Pubblicato il 17/02/2015
MIGLIAIA DI MILITARI ITALIANI CHIEDONO IL RICONOSCIMENTO DI COMBATTENTI DOPO LE MISSIONI ALL’ESTERO
I giudici della Consulta sono stati chiamati ad esprimersi sulla rivendicazione che coinvolge migliaia di militari che negli anni scorsi hanno prestato servizio all’estero nelle zone di intervento.
Questi hanno hanno presentato ricorso al Tar per ottenere una rivalutazione di quei periodi di servizio: per soli tre mesi di missione dovrebbero poter maturare un anno aggiuntivo ai fini pensionistici e della buonuscita. chiedondo quindi l’applicazione della normativa sui benefici combattentistici.
Fondano i loro ricorsi sulla legge 11 dicembre 1962 numero 1746 che prevede l’estensione dei benefici combattentistici ai militari impegnati nelle missioni Onu.
Il loro servizio prestato nelle zone d’intervento, sulla base della reinterpretazione di tale norma, è da ritenersi equiparato agli effetti pensionistici al servizio di guerra.
«Nell’ultimo decennio abbiamo contato circa 350 decessi durante le missioni all’estero – argomenta l’avvocato Bitti, che cura gli interessi di alcuni dei militari – e circa il doppio di questi militari non è rientrato in servizio a seguito delle lesioni traumatiche riportate nei teatri di guerra, dal Libano al Kosovo, dalla Bosnia fino all’Iraq e all’Afghanistan, questo è il quadro delle missioni; abbiamo quindi chiesto per questi militari, ufficiali, sottufficiali, graduati e militari che hanno agito in giudizio in sede di giurisdizione esclusiva il riconoscimento dei benefici combattentistici e la conseguente supervalutazione ai fini pensionistici del periodo di svolgimento di servizio per missioni per conto dell’Onu (ed equiparate) e la rideterminazione del trattamento di buonuscita, variazioni di stipendio e l’applicazione di tutti i benefici combattentistici».
E’ stata una sentenza della Corte dei conti che ha riconosciuto il diritto di supervalutazione dei periodi di servizio svolti in missioni estere, anche oltre il limite dei cinque anni stabilito dal decreto legislativo 165/1997. Diritti che sono stati riconosciuti a militari in pensione e che si sono tradotti in emolumenti.

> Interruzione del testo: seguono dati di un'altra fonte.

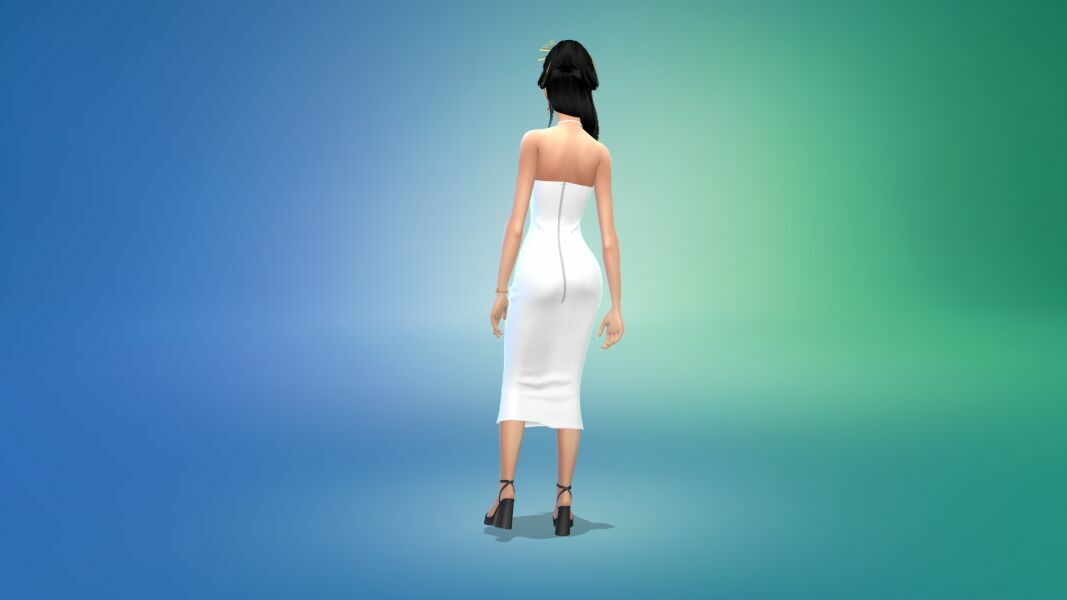 sims 4 cc the tight dress by vtk by vtk 4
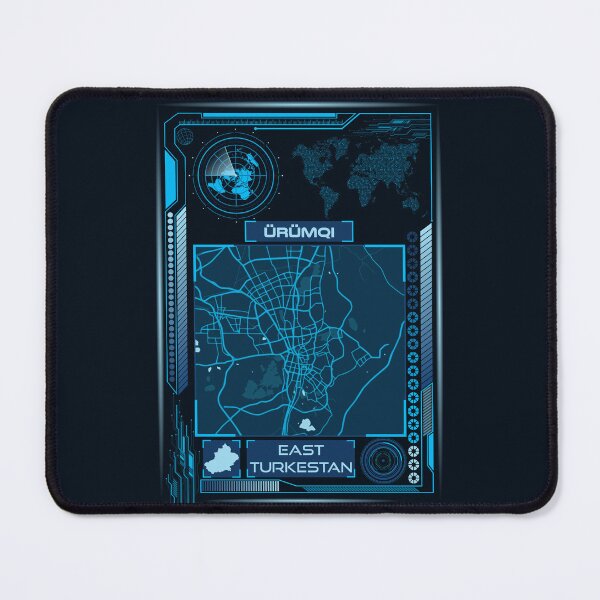 Item preview, URUMQI MAP EAST TURKESTAN designed and sold by hatimelhag.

Da qui è partita la montagna di ricorsi, visto che il Ministero della difesa si è espresso negando il riconoscimento di questo diritto e arginando le azioni di rivalsa.
«Per alcuni militati che hanno sommato una decina di missioni – osserva l’avvocato Bitti – questo significa la possibilità di andare in quiescenza anche subito».